Which lines in the data below contain the word "window"? Return each of them.

(Supplied entries begins)

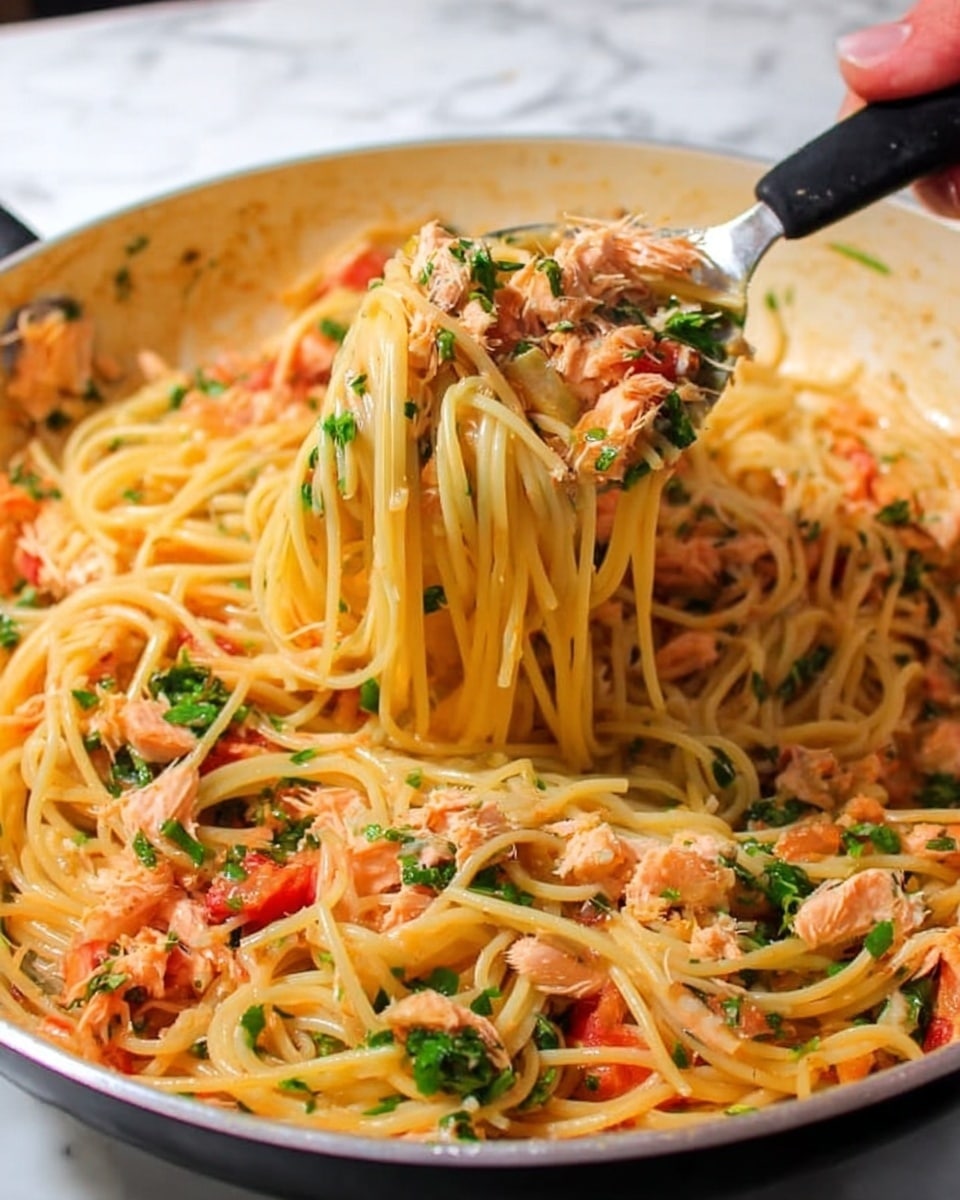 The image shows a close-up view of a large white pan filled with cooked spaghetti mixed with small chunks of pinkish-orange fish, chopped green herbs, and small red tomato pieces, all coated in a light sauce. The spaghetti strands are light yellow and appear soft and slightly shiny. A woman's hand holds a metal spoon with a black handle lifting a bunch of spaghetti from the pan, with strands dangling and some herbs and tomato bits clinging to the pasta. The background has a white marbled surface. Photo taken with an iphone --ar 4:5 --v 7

(Supplied entries ends)
(Supplied entries begins)

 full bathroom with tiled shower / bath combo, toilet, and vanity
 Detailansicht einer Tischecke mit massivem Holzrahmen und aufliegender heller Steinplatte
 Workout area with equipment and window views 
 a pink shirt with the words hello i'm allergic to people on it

(Supplied entries ends)
(Supplied entries begins)

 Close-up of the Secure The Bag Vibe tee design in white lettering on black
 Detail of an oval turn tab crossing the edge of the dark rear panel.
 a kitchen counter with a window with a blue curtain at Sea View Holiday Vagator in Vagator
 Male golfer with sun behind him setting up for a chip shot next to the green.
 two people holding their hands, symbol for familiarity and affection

(Supplied entries ends)

◆ **Task output**
 Workout area with equipment and window views 
 a kitchen counter with a window with a blue curtain at Sea View Holiday Vagator in Vagator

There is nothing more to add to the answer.